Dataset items
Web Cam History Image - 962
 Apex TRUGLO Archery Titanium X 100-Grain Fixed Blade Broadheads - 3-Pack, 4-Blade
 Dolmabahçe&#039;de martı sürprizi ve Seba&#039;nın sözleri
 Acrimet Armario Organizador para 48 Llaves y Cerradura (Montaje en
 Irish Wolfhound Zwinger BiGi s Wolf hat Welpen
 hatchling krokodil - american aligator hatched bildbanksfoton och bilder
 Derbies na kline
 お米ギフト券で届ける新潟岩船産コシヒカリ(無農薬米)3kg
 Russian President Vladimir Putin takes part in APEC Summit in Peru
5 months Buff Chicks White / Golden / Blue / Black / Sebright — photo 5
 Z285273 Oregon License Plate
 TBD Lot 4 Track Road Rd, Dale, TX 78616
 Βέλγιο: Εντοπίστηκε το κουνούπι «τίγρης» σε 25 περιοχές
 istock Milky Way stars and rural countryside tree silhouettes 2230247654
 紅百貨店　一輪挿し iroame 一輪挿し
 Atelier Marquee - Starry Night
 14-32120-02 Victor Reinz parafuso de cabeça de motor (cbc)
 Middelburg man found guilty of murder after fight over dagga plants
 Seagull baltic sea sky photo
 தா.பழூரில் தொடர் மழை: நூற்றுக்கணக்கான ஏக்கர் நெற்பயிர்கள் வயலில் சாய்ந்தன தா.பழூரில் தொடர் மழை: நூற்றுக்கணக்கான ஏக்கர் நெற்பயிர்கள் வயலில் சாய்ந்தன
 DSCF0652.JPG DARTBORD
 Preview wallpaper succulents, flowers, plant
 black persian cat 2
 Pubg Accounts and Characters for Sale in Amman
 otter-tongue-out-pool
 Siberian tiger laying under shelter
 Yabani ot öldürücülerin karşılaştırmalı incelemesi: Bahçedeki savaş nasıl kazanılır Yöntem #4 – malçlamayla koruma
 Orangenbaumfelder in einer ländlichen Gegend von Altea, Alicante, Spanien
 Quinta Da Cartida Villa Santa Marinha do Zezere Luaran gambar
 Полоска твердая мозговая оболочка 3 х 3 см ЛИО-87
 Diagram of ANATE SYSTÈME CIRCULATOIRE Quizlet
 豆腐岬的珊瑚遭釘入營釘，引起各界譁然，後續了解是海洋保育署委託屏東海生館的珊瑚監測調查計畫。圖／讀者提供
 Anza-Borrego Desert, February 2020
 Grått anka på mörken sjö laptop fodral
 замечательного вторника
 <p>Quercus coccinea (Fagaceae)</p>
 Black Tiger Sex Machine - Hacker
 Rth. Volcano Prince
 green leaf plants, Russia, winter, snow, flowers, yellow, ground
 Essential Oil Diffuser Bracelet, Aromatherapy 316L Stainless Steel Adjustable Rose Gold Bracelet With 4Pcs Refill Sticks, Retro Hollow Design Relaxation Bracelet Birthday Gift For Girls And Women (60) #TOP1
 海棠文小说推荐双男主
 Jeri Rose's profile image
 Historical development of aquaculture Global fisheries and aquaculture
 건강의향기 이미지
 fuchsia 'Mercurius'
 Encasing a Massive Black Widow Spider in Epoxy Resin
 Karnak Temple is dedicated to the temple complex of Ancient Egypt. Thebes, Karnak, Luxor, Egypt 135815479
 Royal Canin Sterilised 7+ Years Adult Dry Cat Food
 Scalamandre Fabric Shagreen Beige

## PROBLEM DETAILS
Output each line of the records above exactly, beginning at the first, and stop once the line containing "Derbies na kline" has been output.

## EXERCISE OUTPUT
Web Cam History Image - 962
 Apex TRUGLO Archery Titanium X 100-Grain Fixed Blade Broadheads - 3-Pack, 4-Blade
 Dolmabahçe&#039;de martı sürprizi ve Seba&#039;nın sözleri
 Acrimet Armario Organizador para 48 Llaves y Cerradura (Montaje en
 Irish Wolfhound Zwinger BiGi s Wolf hat Welpen
 hatchling krokodil - american aligator hatched bildbanksfoton och bilder
 Derbies na kline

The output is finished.